From the line containing "女童夏款短袖T恤女宝宝莫代尔印花卡通童装儿童圆领薄款面膜上衣详情17" to the end of the data, retype every line exactly and nothing else. Drop the pictures.
----- TASK INPUT
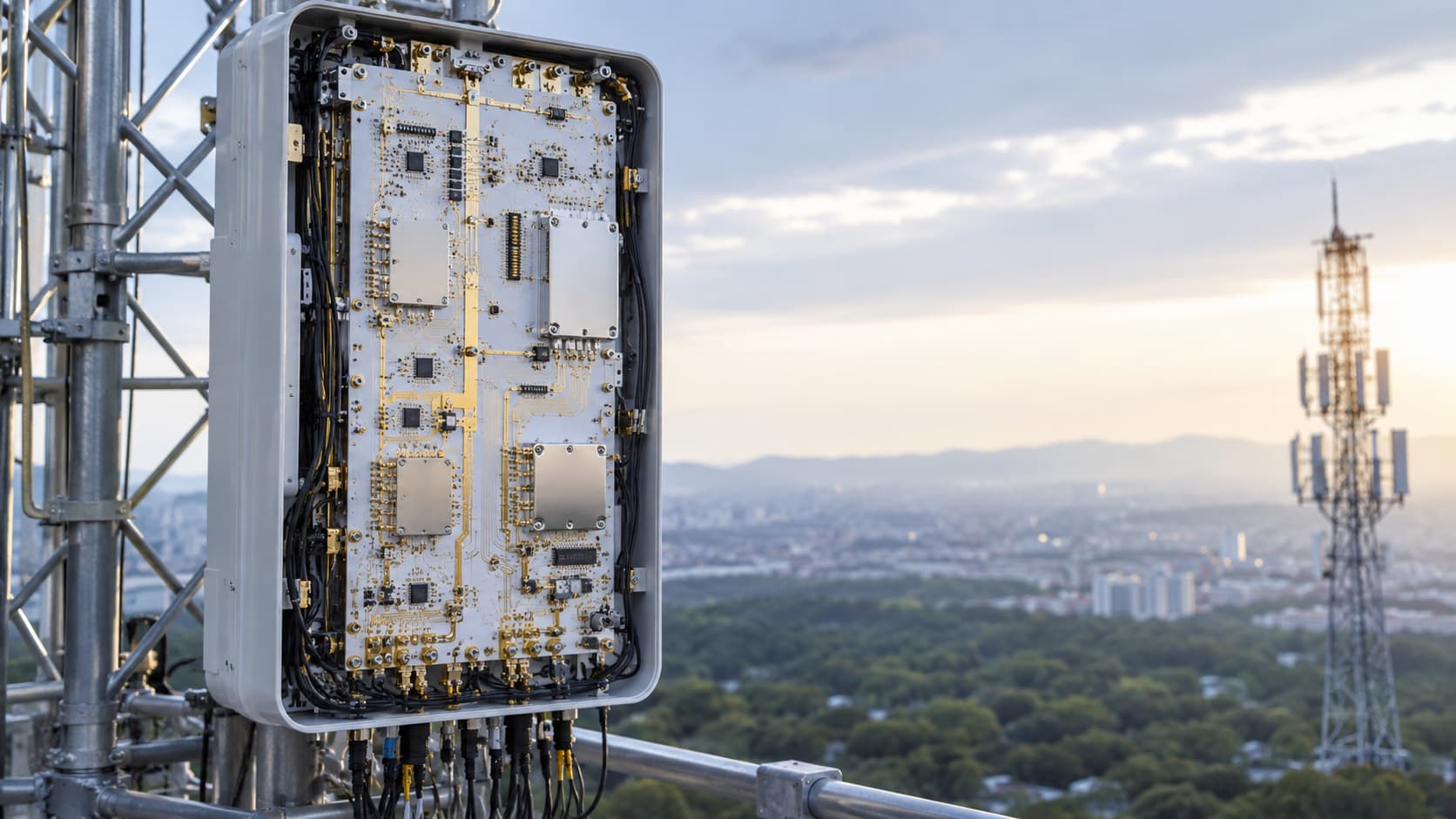 A modern 5G base station antenna panel utilizing high-precision PTFE circuit boards.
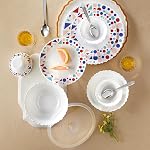 Larah by Borosil Silk Series Speckle Opalware Dinner Set with Steel Spoon | 41 Pcs for Family of 6 | Microwave & Dishwasher Safe | Bone-Ash Free | Crockery Set for Dining & Gifting | Plates & Bowls- Amazon
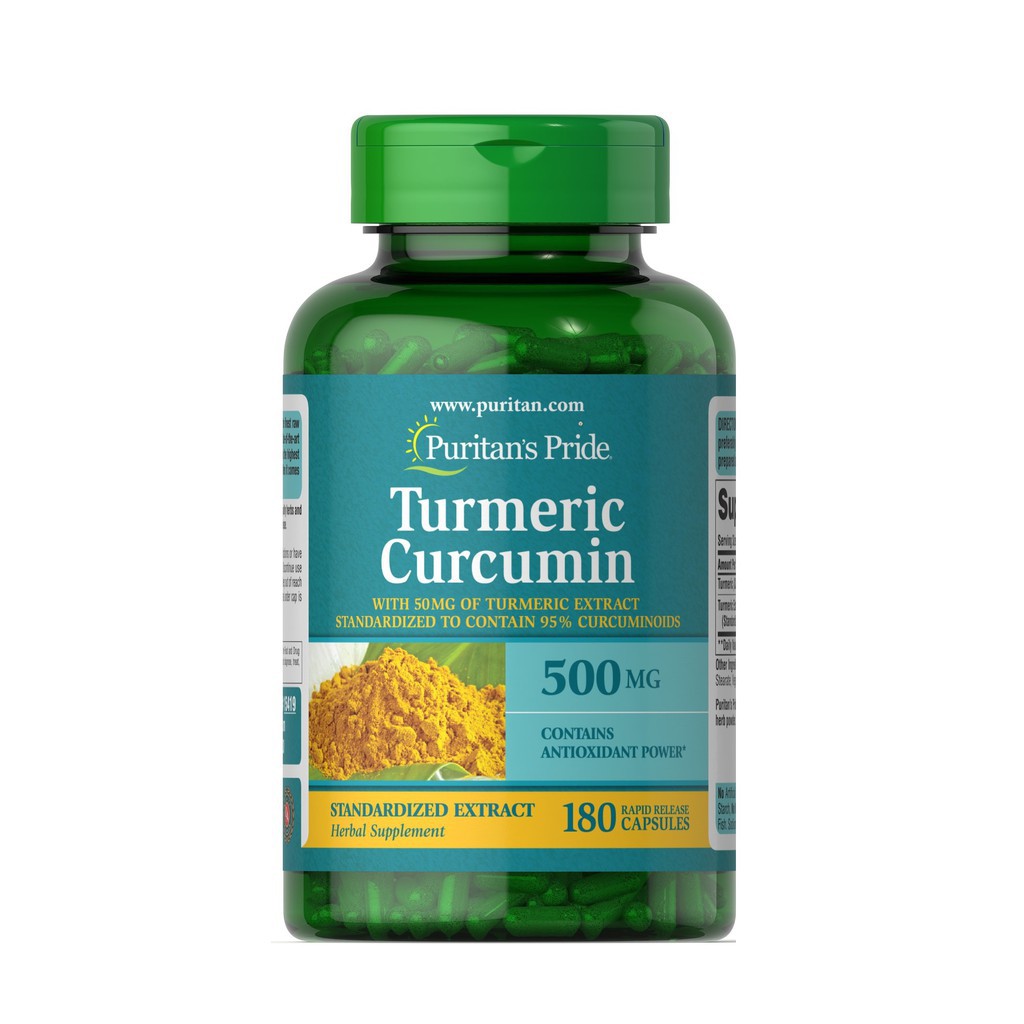 Tinh bột Nghệ Turmeric Curcumin Puritan Pride 500mg 180 viên Mỹ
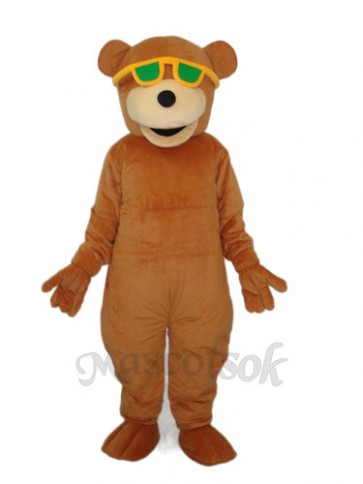 Bear with Green Sunglasses Mascot Adult Costume 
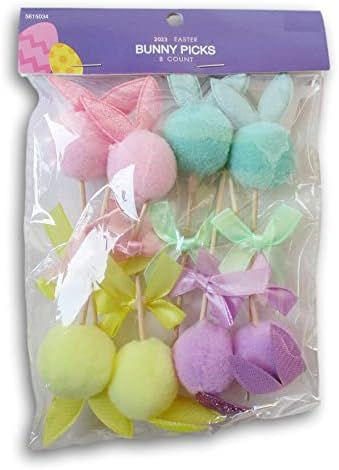 Pastel Bunny Picks -Mini Easter Rabbit Picks for Floral Art or Gifts - 5 Inch - 8 Piece image 4
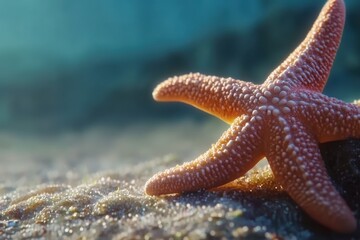 Close-up view of a starfish resting on the ocean floor in stunning 8K resolution, showcasing intricate details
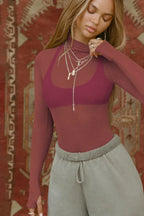 Exposed Seams Long Sleeve Top - WEUXS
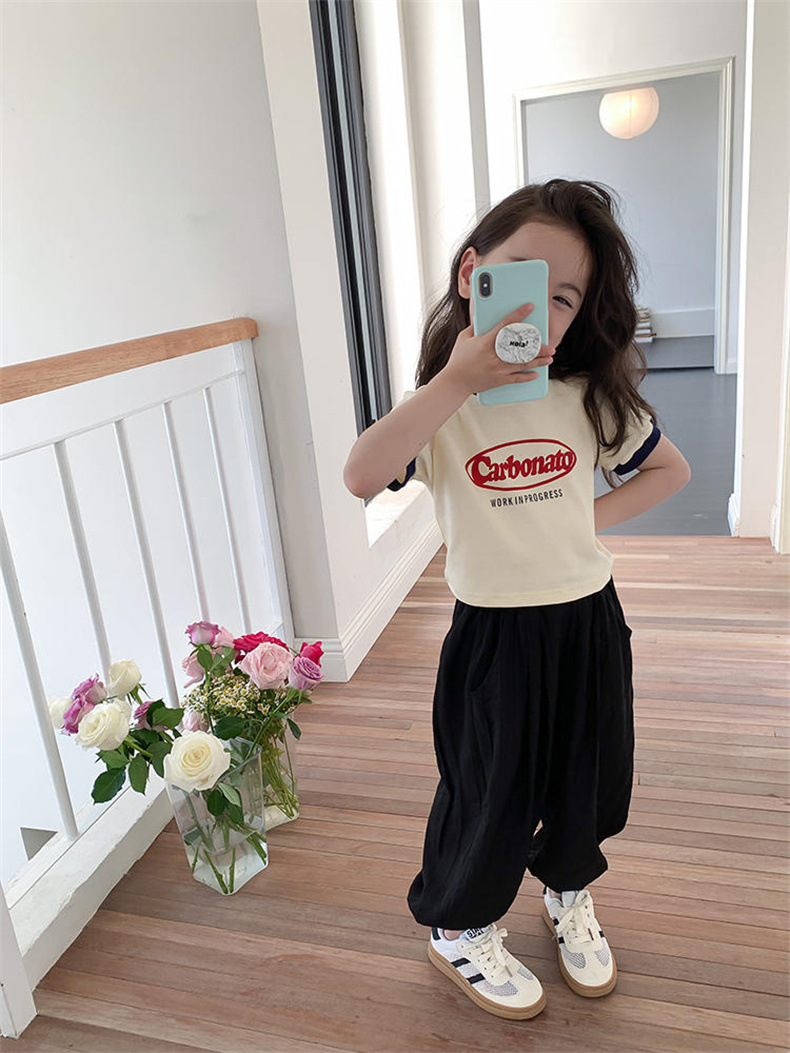 女童夏款短袖T恤女宝宝莫代尔印花卡通童装儿童圆领薄款面膜上衣详情17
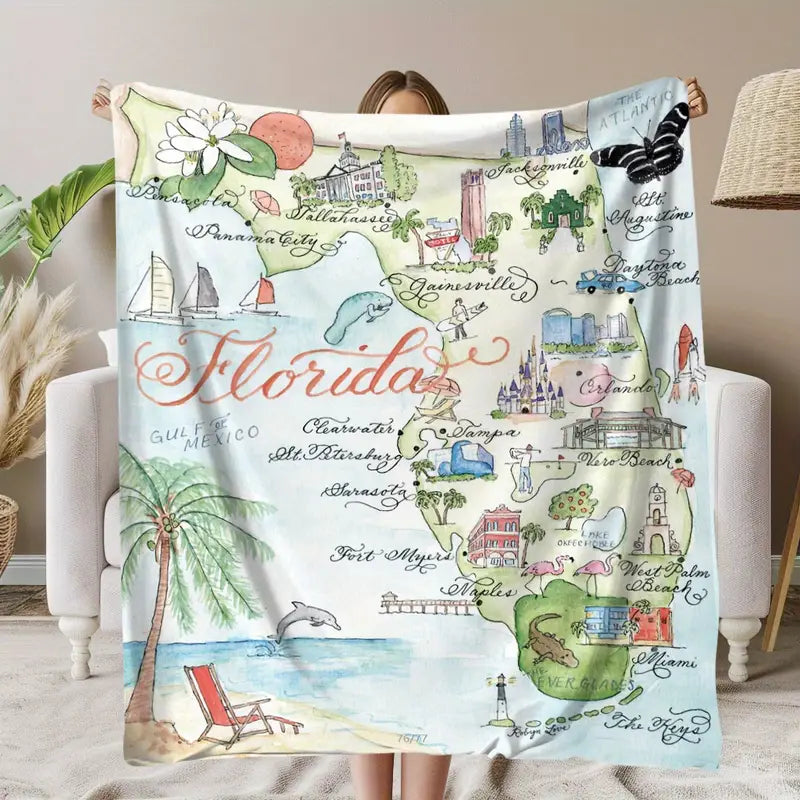 Florida Map Fleece Throw Blanket
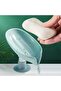 2 Pieces Waterproof Solid Soap Dish with Suction Cup Gray Color - 2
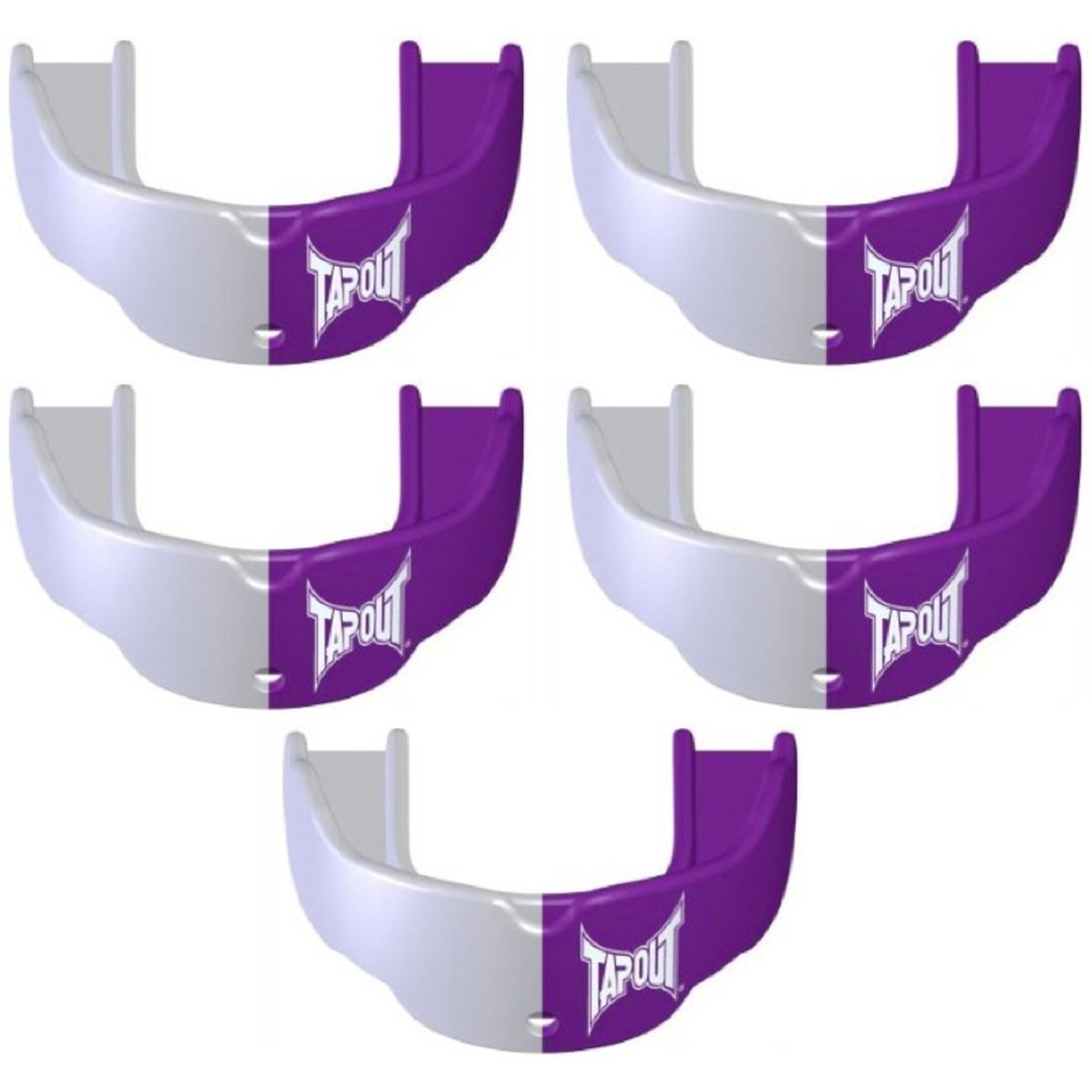 Tapout Adult Protective Sports Mouthguard with Strap 5 - Pack - Purple/White - Forza Sports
----------
### EXPECTED ANSWER
 女童夏款短袖T恤女宝宝莫代尔印花卡通童装儿童圆领薄款面膜上衣详情17
 Florida Map Fleece Throw Blanket
 2 Pieces Waterproof Solid Soap Dish with Suction Cup Gray Color - 2
 Tapout Adult Protective Sports Mouthguard with Strap 5 - Pack - Purple/White - Forza Sports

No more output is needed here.